*TASK STATEMENT*. Your answer should be the entries below, reproduced character for character.

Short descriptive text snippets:
◆ ◆ ◆ ◆ ◆ ◆ ◆
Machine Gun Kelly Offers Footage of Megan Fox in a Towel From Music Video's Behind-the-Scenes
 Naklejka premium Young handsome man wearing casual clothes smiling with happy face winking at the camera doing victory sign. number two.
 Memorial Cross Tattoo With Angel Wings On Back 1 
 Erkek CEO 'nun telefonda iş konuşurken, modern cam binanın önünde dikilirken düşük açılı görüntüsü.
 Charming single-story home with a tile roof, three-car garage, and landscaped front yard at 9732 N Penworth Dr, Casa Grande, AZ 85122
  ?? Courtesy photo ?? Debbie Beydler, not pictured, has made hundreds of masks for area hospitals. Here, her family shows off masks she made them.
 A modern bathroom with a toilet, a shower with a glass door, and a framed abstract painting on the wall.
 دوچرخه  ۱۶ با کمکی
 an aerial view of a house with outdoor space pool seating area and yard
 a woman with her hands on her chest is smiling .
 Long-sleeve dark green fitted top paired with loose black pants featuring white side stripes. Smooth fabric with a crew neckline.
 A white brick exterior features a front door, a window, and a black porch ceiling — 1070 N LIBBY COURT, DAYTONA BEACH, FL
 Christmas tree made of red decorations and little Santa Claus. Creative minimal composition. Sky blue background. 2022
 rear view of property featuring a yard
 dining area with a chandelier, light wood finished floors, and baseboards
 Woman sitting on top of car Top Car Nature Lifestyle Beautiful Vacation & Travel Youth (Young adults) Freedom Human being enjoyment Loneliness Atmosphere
◆ ◆ ◆ ◆ ◆ ◆ ◆
*ANSWER FOR THIS EXERCISE*.
Machine Gun Kelly Offers Footage of Megan Fox in a Towel From Music Video's Behind-the-Scenes
 Naklejka premium Young handsome man wearing casual clothes smiling with happy face winking at the camera doing victory sign. number two.
 Memorial Cross Tattoo With Angel Wings On Back 1 
 Erkek CEO 'nun telefonda iş konuşurken, modern cam binanın önünde dikilirken düşük açılı görüntüsü.
 Charming single-story home with a tile roof, three-car garage, and landscaped front yard at 9732 N Penworth Dr, Casa Grande, AZ 85122
  ?? Courtesy photo ?? Debbie Beydler, not pictured, has made hundreds of masks for area hospitals. Here, her family shows off masks she made them.
 A modern bathroom with a toilet, a shower with a glass door, and a framed abstract painting on the wall.
 دوچرخه  ۱۶ با کمکی
 an aerial view of a house with outdoor space pool seating area and yard
 a woman with her hands on her chest is smiling .
 Long-sleeve dark green fitted top paired with loose black pants featuring white side stripes. Smooth fabric with a crew neckline.
 A white brick exterior features a front door, a window, and a black porch ceiling — 1070 N LIBBY COURT, DAYTONA BEACH, FL
 Christmas tree made of red decorations and little Santa Claus. Creative minimal composition. Sky blue background. 2022
 rear view of property featuring a yard
 dining area with a chandelier, light wood finished floors, and baseboards
 Woman sitting on top of car Top Car Nature Lifestyle Beautiful Vacation & Travel Youth (Young adults) Freedom Human being enjoyment Loneliness Atmosphere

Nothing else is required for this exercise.